Part of why it works is that Aaron's had a genuinely personal - and genuinely smaltzy - idea and run with it as a coherent background. In a move which would make Teilhard de Chardin smile and then hit her with something quite heavy, she's imagined an otherwise standardised fantasy world in which every object and piece of scenery has a spirit, which talented people can cajole or menace into doing things for them. Now, as a notion, this is gooey beyond the dreams of Willie Wonka's sweet factory, but goddammit if Aaron doesn't just about carry it off. What's even more remarkable is that she's not much of a stylist, so you're not exactly being wafted along on wings of rhetoric to the happy place where all this stuff might start working for the savvy reader. Aaron's one of those writers who strews adjectives with gay abandon, in oblivious defiance of the great Leonard-ian dictum that a good writer avoids anything which sounds like writing.
So that's the schtick; who's she got running around in front of it? Well, there's your actual Eli Monpress, who is so super powered it's way past funny and into the area where you wonder if the author is in on the joke. On the one hand, he's the world's greatest thief; on the other hand, he's a uniquely talented wizard; on the other other hand, he's got an extraordinary network of friends and acquaintances for someone so young. But that's not all, by any means; he's the chosen of the gods, and all the spirits of the whole world think he's the cat's pyjamas. Everyone's reaction to him is some form of admiration, tinged with varying amounts of annoyance. Backing him up are Josef and Nico. Josef is your standard garden variety thug, carrying around your perfectly ordinary most magical sword in the world. Nico is a "demonseed", and probably the most interesting character in the whole farrago, being as how she's possessed by a local manifestation of the world's big bad and is struggling to hold onto her humanity.

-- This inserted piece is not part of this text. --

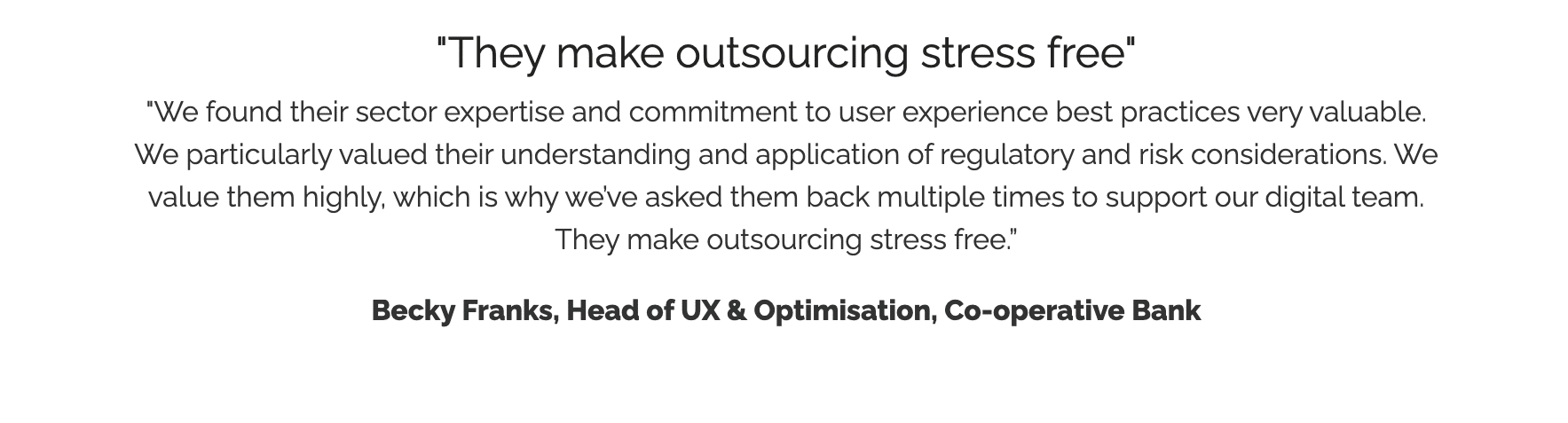 "They make outsourcing stress free" "We found their sector expertise and commitment to user experience best practices very valuable. We particularly valued their understanding and application of regulatory and risk considerations. We value them highly, which is why we’ve asked them back multiple times to support our digital team. They make outsourcing stress free.” Becky Franks, Head of UX & Optimisation, Co-operative Bank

Pitched against our gang of three is the whole world, more or less. Monpress is pursuing notoriety for reasons which are - three books and almost a thousand pages in - still less than clear. It could just be that he's kind of a dick, and this is the way he's chosen to be kind of a dick. And the price of being the most wanted man in the world is having everyone chase after you while you're going about your unlawful business. The sharp end of the hunt is Miranda Lyonette, who's a wizard working for The Man, or as they say in those parts, the Spirit Council. She keeps catching up with Monpress just as he stumbles into a crisis so big that she has to take a time-out from catching him in order to ally with him and save increasingly large chunks of the world.
This is all very childish, especially in the way in which nothing ever seems to result in permanent harm to any of the main recurring characters. You could quite easily let kids read these books; no-one gets terribly hurt, few people get killed, even off screen, and even Enid Blyton books had more sexual tension in them. The villains get their comeuppance in due course, and the status quo is maintained with ease. It's all so terribly cosy. And yet, I kept on with them, and I think I did it because there's a nicely sinister tone around the edges. Behind all the childlike theatrics of Monpress and Lyonette, there are more grown-up characters angling for position in a much bigger game. Some of them are just paper cut-out authority figures of the type you have to roll out in any book with essentially teenage protagonists, but hanging around the edges you can find some nicely edgy compromised fixers, and the big bad's principal opponents seem considerably greyer than the pastel colour scheme we see in the foreground. I have hopes that those elements are going to be more important in the final acts. And at this point, I am steeped in syrup so far that should I wade no more, returning were as tedious as go o'er.
1 comment:
Book 4 Spirit War and especially book 5 Spirit End are much darker, have much more character development and true menace (in Spirit End our heroes have an hour to literally save the world).